Our living room in our 16th century palace.

This palace, or palazzo in Italian, was built in 1600. It was the time when Venice had receded as Europe’s greatest naval power into the cushy role as perhaps Europe’s cultural capital. It had charged from the Renaissance to the Baroque period with flashy paintings and contemporary music. Not that it had become a full-fledged tourist destination, but it also had 12,000 registered prostitutes.

It’s 400 years later and the owner of the palace sits by the window. The sounds of a steady parade of tourists crossing the small bridge over the narrow canal below us drift into the room. Gianni Piani, 54, grew up in this palace. He still lives here. But Venice is changing. Piani is changing with it.

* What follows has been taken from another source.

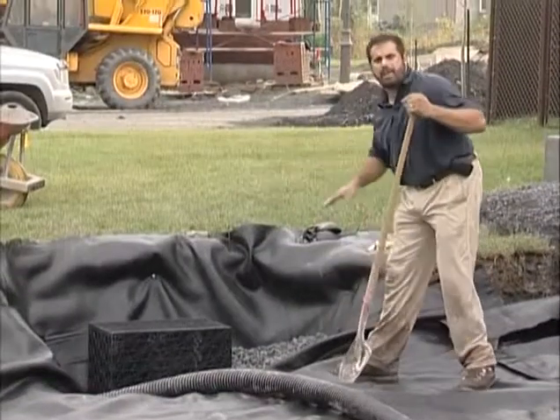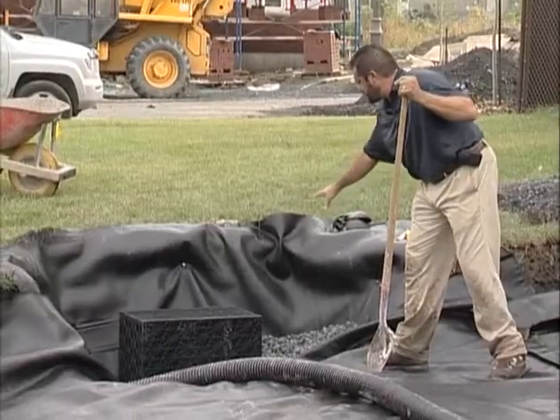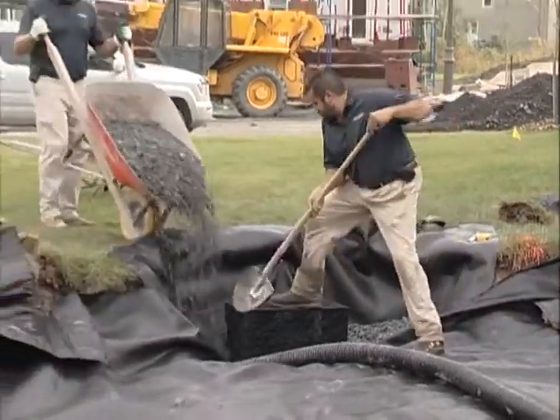You can start to see this bio garden coming together. I've got my box here in the center. I've got my clean stone that's going to completely encapsulate it.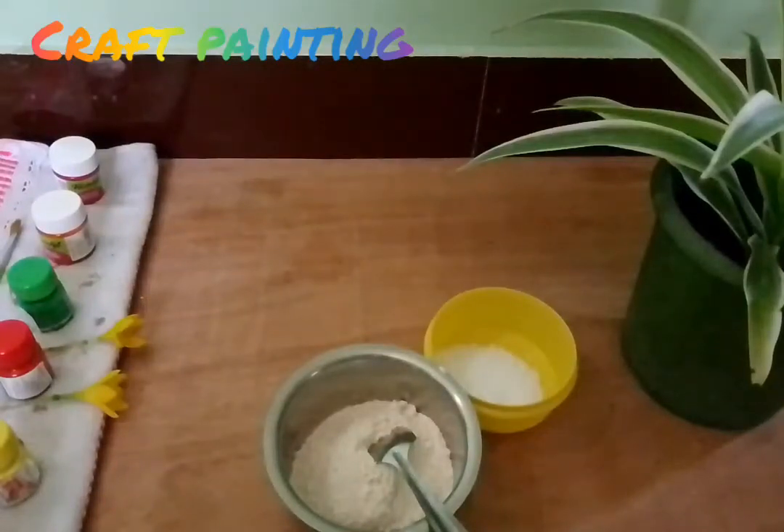Hi friends! Welcome to craft painting. This is how to make homemade clay.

“I am in love with Venice,” he says. “But for my family it’s impossible to live here.”

Venice gets 25 million tourists a year and locals are getting angry. Alamy photo

Marina and I have been to Venice many times before but never together. I’ve always maintained it’s the most romantic city in the world and my previous visit in 2015 did not dissuade me. Neither does this one. You can’t overestimate the positive absence of cars in a city built on 118 tiny islands. Sipping a spritz, Venice’s signature drink, on a small, quiet canal. Turning a corner onto a narrow, cobblestone pathway to see a fisherman mending his nets. Hearing accordion music while munching cicchetti, Venetian antipasti, as the sun sets on the water.

It’s like living in a science fiction movie where a world has banned the evil automobile and people are falling in love around every corner.

Unfortunately, in Venice the science fiction movie is headed for a tragic ending. Remember “Escape from New York”? Call it “Escape from Venice”: Terrorized inhabitants wildly flee a city before evil invaders sink it under the sea, never to be seen again.

In the height of the Venetian Empire in the 14th century, Venetians fended off Genoa and Hungary. In the 21st century, it’s losing to a new threat, one that has gone from friend to foe.


According to CISET, the International Centre for Studies on Tourism Economics, Venice had 25 million tourists in 2016. That’s nearly 50,000 a day. That’s just under its current population of 54,000, a number that will likely drop even more after you finish reading this blog.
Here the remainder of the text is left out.